Giant, with 158 stores and 20,000 workers in Maryland, Virginia and Washington, retained its No. 1 rank last year among Baltimore-area food retailers, according to trade journal Food World. But the chain, which traces its roots to a grocery store opened in 1936 in D.C., has lost market share in each of the past five years.
In this year's ranking, Giant was joined in the top 10 by such nontraditional food retailers as Wal-Mart, Rite Aid, CVS and Target. Food Lion, which ranked 11th in the Baltimore area, has about 79 stores in Maryland, with about 40 to 50 employees per store.
"The market is shifting," said Jeff Metzger, publisher of Columbia-based Food World, a trade publication. "There's a less compelling reason to shop at a Giant than 10 or 15 years ago, or more choices for you to pick and choose from."

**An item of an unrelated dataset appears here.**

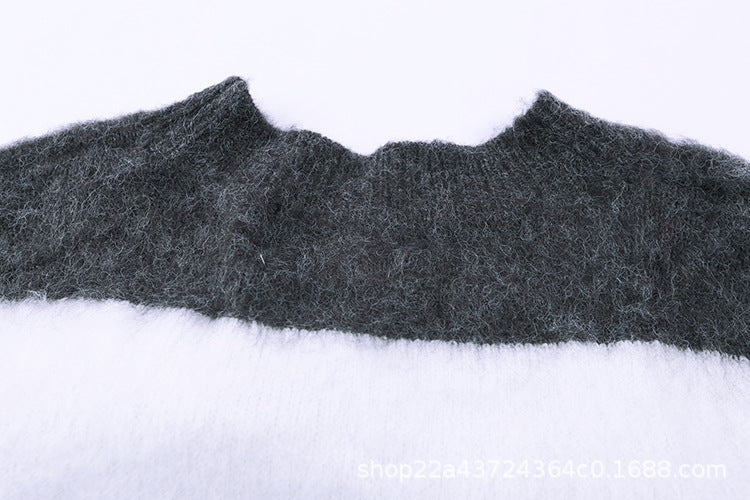 Off-White Grey Gradient Sweater Brushed Mohair Arrows-Intarsia Jumper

And while older shoppers are more likely to stick with a preferred store, he said, "for millennials and Gen Y'er's, there's not a lot of loyalty."
Analysts said shoppers might be the biggest winners from the planned merger as the two companies' bargaining power grows along with their size.
"The better business power will allow Giant to lower prices to shoppers, and even though Food Lion is already a low-price [retailer], it can lower prices even more," said Burt P. Flickinger III of the Strategic Resource Group, a consumer industry consulting company.
The grocery sector has become fragmented, with stores like Whole Foods hitting the high end, and Wal-Mart and Dollar General coming in low.
That has left more traditional grocers fighting for the huge customer base that lies in between. As those grocers grow and their leverage increases, they can demand more from food and beverage suppliers, said Tim Barrett, a retail analyst with Euromonitor. Those savings will likely be passed through to customers in a bid to take back market share from Wal-Mart, dollar stores and other discount retailers, he said.
The deal announced Wednesday contributes to the industry's continuing consolidation. It is expected to be completed by mid-2016.
Earlier this year, the owners of the Albertsons chain bought Safeway, and Dollar Tree is in the midst of buying Family Dollar. Cerberus acquired the Albertsons stores it didn't already own from Supervalu two years ago, along with four other Supervalu-owned chains. Kroger bought the regional chain Harris Teeter early last year.
In the U.S., in addition to Giant, Royal Ahold owns Stop & Shop in New England, Carlisle, Pa.,-based Giant Food Stores and Martin's, and online grocer Peapod. In Europe, it owns Albert Heijn stores. Food Lion and Hannaford are Delhaize's best-known U.S. brands. It operates the Delhaize and Tempo chains overseas.
Last year, Ahold and Delhaize had combined sales of $60.6 billion. The companies said that the deal will create annual savings of about $560 million after three years.
"This is a true merger of equals, combining two highly complementary businesses to create a world-leading food retailer," Jan Hommen and Mats Jansson, the chairmen of Ahold and Delhaize, respectively, said in a statement.
At a time when traditional supermarket revenue is growing slowly, one of the combination's biggest opportunities lies in online sales and deliveries by expanding Ahold's Peapod operation, said Phil Lempert, a food industry analyst and editor of SupermarketGuru.com.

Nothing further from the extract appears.